Another unfortunate challenge to the rapid development and launch of new drugs, vaccines, or diagnostics for neglected tropical diseases has been the transfer of a restrictive industry culture to research and development in the neglected tropical disease arena. Perhaps this is not surprising given that most scientific advisory boards of international nonprofit agencies, centers, and foundations are made up of retired pharmaceutical company managers, scientists, and executives. These individuals bring with them the mantra of “kill early kill often” to prevent costly downstream development. In the arena of neglected tropical disease, the mantra should probably be "leave no stone unturned”. The drug development pipelines for almost all neglected diseases are woefully thin. Drug screening and even hit to lead chemistry has generally not been limiting. Elimination of compounds with covalent reactivity, protein binding problems, or Lipinski Rules issues is appropriate for a drug that one would expect to take for the rest of their life to “ manage" a disease rather than cure it. This is not an appropriate strategy for NTD drugs that would be taken much like an antibiotic with courses of 3 to 20 days. Many parasitic organisms use host proteins as a key nutrient source so protein binding becomes a delivery system rather than an albatross. If one ranks the efficacy of anti-parasitic drugs, for example those used against Leishmania, drugs with the highest protein binding often rank the highest.

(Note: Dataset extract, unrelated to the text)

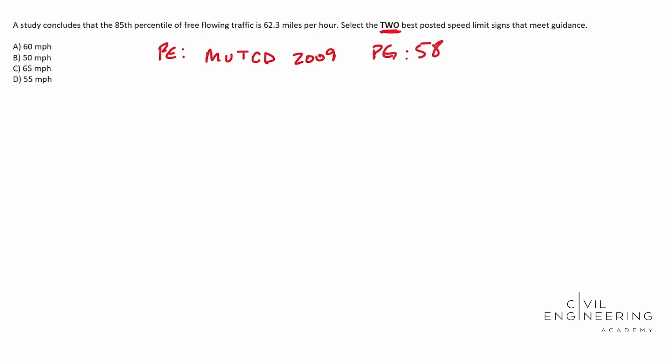So when you look on page 58 you will see a bullet point and in particular we're going to look on bullet point number 12. And it says when a speed limit within a speed zone is posted it should be within 5 miles per hour of the 85th percentile speed of the free-flowing traffic. So there it is black and white.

I have observed the field of neglected tropical disease research for over 25 years. We have no effective anti-parasitic vaccines and there are woefully few true breakthroughs in drug development or new diagnostic tests. We can all bemoan the lack of funding for this field but perhaps we should also remember that we are not looking for a new drug for diabetes, asthma or hypertension. We are looking for a curative drug given for a short course. That implies a very different safety profile. Restrictive prescreening has failed, let’s try something different.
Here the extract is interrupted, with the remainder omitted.